- Directed by: Gilles Grangier
- Written by: Jacques Alain
- Starring: Bourvil Suzy Delair Michèle Philippe
- Cinematography: Maurice Barry
- Edited by: Andrée Danis
- Music by: Georges Van Parys Étienne Lorin
- Distributed by: Ciné Sélection
- Release date: 1948;
- Running time: 85 mins
- Country: France
- Language: French
- Box office: 3,213,162 admissions (France)

= Par la fenêtre =

Par la Fenetre is a 1948 French comedy film starring Bourvil.

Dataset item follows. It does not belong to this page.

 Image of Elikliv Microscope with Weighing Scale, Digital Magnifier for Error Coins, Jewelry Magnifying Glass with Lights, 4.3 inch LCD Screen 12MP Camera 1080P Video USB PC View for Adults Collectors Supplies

It was a sizeable box office hit.

It was shot at the Saint-Maurice Studios in Paris.

==Plot==
A man goes to Paris and finds work as a painter.

==Reception==
The film was the fifteenth most popular movie at the French box office in 1948. It ranked after The Charterhouse of Parma, Operation Swallow: The Battle for Heavy Water, Clochemerle, To the Eyes of Memory, Les Casse Pieds, Les Aventures des Pieds-Nickelés, Forever Amber, Blanc comme neige, Notorious, Ali Baba and the 40 Thieves, Man to Men, The Ironmaster, How I Lost the War and The Bandit of Sherwood Forest.